* _WHAT YOU WILL DO_
Could you set down exactly the lines in the records below between the line holding "主板和显卡的供电模块由什么元件组成? CPU\/" and the line holding "대구경북신공항 부지 브리핑 듣는 추경호 후보", inclusive?

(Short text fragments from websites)
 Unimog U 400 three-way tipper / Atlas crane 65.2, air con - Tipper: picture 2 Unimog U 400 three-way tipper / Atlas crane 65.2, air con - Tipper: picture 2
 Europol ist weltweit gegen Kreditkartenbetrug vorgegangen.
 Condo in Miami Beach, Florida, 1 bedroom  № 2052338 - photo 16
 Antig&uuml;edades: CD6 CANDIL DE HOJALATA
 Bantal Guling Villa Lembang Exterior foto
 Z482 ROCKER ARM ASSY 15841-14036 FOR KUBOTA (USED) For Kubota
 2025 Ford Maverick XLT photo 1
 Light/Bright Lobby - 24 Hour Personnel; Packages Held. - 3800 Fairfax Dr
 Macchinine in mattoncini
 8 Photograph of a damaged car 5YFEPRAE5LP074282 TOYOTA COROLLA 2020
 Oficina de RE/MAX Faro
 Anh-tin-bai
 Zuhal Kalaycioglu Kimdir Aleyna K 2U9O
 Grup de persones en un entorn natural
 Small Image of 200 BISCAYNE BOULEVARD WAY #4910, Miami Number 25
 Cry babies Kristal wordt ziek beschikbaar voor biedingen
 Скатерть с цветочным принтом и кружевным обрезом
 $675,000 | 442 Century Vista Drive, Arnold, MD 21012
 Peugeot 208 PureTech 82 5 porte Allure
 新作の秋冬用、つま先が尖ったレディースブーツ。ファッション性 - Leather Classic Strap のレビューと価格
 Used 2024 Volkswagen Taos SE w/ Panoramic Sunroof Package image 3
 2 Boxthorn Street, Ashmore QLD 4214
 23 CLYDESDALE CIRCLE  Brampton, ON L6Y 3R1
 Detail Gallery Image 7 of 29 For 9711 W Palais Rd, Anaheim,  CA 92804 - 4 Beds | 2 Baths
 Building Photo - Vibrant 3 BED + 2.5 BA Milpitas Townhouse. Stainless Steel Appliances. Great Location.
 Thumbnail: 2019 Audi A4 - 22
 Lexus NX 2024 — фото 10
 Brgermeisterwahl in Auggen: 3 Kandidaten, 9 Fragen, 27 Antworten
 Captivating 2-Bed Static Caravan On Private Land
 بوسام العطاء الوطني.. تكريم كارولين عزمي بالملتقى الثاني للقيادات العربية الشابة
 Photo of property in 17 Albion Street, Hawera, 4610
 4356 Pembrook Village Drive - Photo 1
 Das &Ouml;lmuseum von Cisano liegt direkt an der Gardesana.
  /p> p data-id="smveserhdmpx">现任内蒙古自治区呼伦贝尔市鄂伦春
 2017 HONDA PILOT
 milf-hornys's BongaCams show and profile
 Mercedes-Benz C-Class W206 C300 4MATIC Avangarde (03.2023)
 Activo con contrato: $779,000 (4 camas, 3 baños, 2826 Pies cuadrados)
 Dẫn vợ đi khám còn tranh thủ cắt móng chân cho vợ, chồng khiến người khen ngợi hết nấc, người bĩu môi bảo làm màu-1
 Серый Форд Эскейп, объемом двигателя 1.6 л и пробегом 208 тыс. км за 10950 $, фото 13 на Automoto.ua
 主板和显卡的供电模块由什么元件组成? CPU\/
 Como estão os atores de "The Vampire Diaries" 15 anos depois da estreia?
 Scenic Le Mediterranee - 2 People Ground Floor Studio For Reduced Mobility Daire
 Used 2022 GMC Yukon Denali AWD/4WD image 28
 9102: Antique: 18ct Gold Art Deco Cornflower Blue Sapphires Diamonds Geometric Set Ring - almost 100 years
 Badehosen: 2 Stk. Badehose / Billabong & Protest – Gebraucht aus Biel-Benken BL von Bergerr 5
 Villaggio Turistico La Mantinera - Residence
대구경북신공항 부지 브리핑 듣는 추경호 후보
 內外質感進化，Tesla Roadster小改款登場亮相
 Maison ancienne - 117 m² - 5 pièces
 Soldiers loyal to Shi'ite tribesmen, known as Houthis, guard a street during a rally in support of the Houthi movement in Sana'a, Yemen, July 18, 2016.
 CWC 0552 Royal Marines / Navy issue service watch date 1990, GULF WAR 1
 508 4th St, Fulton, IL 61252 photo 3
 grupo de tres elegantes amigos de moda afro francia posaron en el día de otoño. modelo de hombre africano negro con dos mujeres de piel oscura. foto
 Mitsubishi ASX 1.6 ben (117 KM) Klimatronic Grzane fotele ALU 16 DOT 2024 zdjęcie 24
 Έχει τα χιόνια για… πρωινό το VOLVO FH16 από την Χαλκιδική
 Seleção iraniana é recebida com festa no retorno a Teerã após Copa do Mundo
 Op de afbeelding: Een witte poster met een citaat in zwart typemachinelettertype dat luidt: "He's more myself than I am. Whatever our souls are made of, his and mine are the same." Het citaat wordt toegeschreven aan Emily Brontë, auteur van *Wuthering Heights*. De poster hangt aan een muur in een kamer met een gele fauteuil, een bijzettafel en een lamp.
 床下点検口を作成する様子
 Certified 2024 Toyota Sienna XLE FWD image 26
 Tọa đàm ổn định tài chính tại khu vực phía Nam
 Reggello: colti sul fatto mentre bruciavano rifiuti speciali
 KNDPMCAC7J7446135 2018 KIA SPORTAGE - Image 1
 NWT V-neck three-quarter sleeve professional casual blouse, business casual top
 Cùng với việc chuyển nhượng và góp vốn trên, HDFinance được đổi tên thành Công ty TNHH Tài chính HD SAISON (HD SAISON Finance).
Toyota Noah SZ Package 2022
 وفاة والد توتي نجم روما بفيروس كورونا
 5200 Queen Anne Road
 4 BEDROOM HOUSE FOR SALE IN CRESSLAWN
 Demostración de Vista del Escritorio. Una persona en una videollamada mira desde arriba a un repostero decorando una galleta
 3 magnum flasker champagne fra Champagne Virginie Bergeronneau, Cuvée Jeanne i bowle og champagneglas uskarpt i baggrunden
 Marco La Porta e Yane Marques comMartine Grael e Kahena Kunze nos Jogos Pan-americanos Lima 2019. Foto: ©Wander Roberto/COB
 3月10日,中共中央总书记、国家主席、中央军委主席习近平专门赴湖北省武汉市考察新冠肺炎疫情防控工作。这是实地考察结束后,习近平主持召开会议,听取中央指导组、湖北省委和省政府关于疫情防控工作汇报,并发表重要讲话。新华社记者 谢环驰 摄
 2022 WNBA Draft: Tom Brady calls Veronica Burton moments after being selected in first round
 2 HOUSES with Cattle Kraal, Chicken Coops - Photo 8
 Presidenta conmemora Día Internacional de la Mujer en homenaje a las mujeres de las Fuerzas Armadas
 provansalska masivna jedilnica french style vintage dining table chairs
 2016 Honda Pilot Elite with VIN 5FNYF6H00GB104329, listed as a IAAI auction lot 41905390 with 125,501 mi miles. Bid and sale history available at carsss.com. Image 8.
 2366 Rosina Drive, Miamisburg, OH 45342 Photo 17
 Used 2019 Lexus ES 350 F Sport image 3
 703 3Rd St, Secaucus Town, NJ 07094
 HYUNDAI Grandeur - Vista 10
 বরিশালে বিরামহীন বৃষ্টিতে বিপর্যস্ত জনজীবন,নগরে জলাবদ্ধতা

* _OUTPUT OF THE EXERCISE_
 主板和显卡的供电模块由什么元件组成? CPU\/
 Como estão os atores de "The Vampire Diaries" 15 anos depois da estreia?
 Scenic Le Mediterranee - 2 People Ground Floor Studio For Reduced Mobility Daire
 Used 2022 GMC Yukon Denali AWD/4WD image 28
 9102: Antique: 18ct Gold Art Deco Cornflower Blue Sapphires Diamonds Geometric Set Ring - almost 100 years
 Badehosen: 2 Stk. Badehose / Billabong & Protest – Gebraucht aus Biel-Benken BL von Bergerr 5
 Villaggio Turistico La Mantinera - Residence
대구경북신공항 부지 브리핑 듣는 추경호 후보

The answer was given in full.